Exercise aim: Would you reproduce each line below exactly, leaving every picture out?

Records:

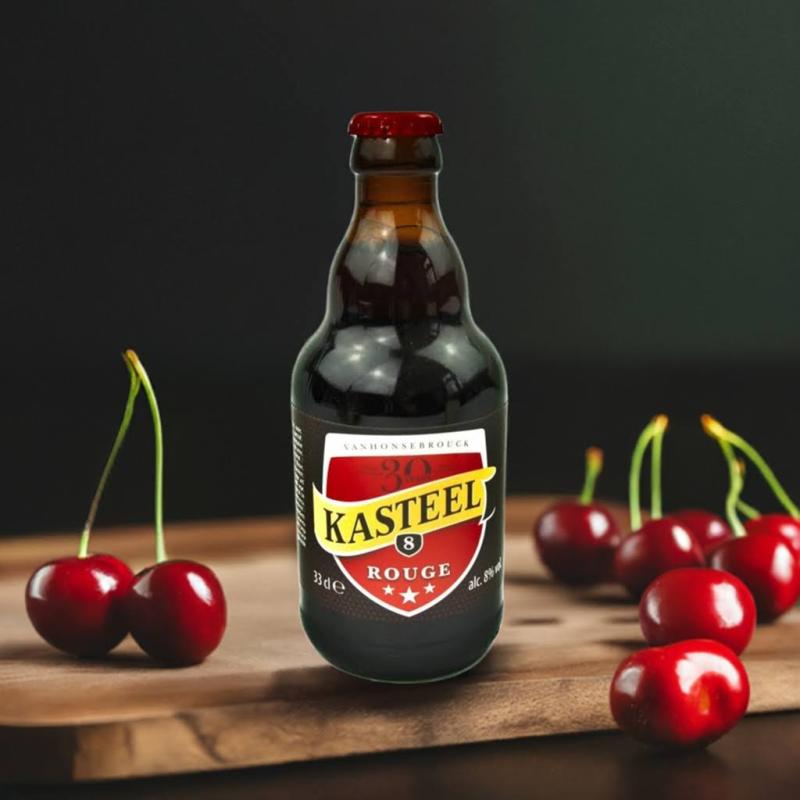 Kasteel Rouge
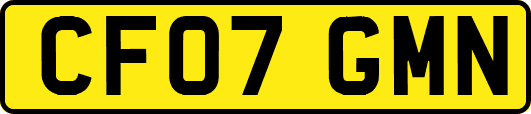 CF07GMN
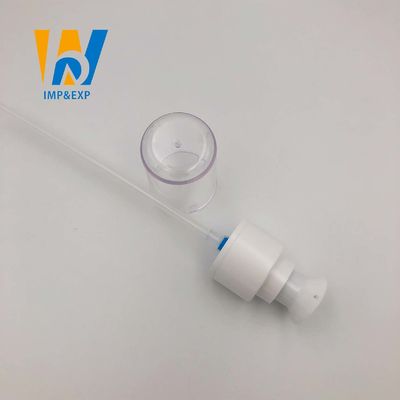 Kem nền xà phòng Serum 20/410 Kem nền bên trái phải Khóa mịn
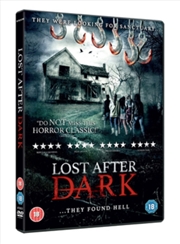 Buy Lost After Dark (REGION 2)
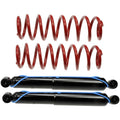 AIR SUSPN DELETE KIT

Solution for this task:
 Kasteel Rouge
 CF07GMN
 Kem nền xà phòng Serum 20/410 Kem nền bên trái phải Khóa mịn
 Buy Lost After Dark (REGION 2)
 AIR SUSPN DELETE KIT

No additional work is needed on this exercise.